Mãos cheias de nada


Pensar é hoje um ato raro e contrapõe-se ao ato de julgar – julgamos muito, mas pensamos pouco.


O ato de aprender deve ser uma constante nas nossas vidas e, enquanto assim for, estaremos no bom caminho. Porém, caímos facilmente na tentação de esquecer que, além da escola, o nosso lar e o nosso trabalho podem e devem ser lugar de aprendizagem. Aprende-se de várias formas e feitios, e porque somos capazes de aprender, ainda nos distinguimos das máquinas.

Por acreditar nisto, ficaria feliz se hoje, graças a mim, pelo menos um leitor se sentisse mais conhecedor depois de ler este texto. Falemos, por isso, de agnotologia.

Esta palavra, desconhecida da maioria, traduz o estudo das políticas de produção da ignorância e é usada tão raramente que, neste momento, a máquina onde escrevo este texto assinala-a como sendo um erro de português. Assim continuará a ser até que algum ser humano a introduza no sistema. É que as máquinas continuam a precisar de humanos… felizmente!

São muitas as causas que parecem justificar a produção deliberada da ignorância com o fim de favorecer alguns. Durante anos a fio, a humanidade construiu e defendeu o ideal de levar o saber tão longe quanto possível. Mas agora, hoje mais do que nunca, existe esta tendência maquiavélica para sobrepor a ignorância ao conhecimento. Oferece-se a ignorância como um produto útil e de valor.

Esta produção em massa de mãos cheias de nada revela-se na lavagem cerebral a que estamos sujeitos constantemente através dos meios de comunicação social, através das estratégias políticas e económicas.

O sistema do qual fazemos parte prefere uma apatia sufocante e devoradora a uma posição de irreverência típica do sujeito pensante. Por sua vez, o pensador torna-se rapidamente um rebelde, uma espécie de revoltado a quem se diz que sim enquanto se encolhe os ombros. Será esta uma forma de não existir? Talvez, pois cada vez que alguém se sujeita a deixar de pensar, deixa de ser.

Pensar é hoje um ato raro e contrapõe-se ao ato de julgar – julgamos muito, mas pensamos pouco.
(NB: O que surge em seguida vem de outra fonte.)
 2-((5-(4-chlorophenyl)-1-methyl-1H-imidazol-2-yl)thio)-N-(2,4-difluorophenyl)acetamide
Em boa verdade a produção da ignorância não é de agora, é uma arte tão antiga como a história da humanidade. Assim sendo, podemos interrogar-nos sobre alguma mudança ocorrida, responsável pela criação de uma nova palavra – agnotologia. A resposta é simples: do mesmo modo que em todas as áreas há especializações, esta passou a ser mais uma. Finalmente se reconhecem os doutores que servem o anticonhecimento. Ao que parece, dá emprego, tem procura e está na moda. Raça de víboras, nem mordendo a própria língua seriam úteis à humanidade.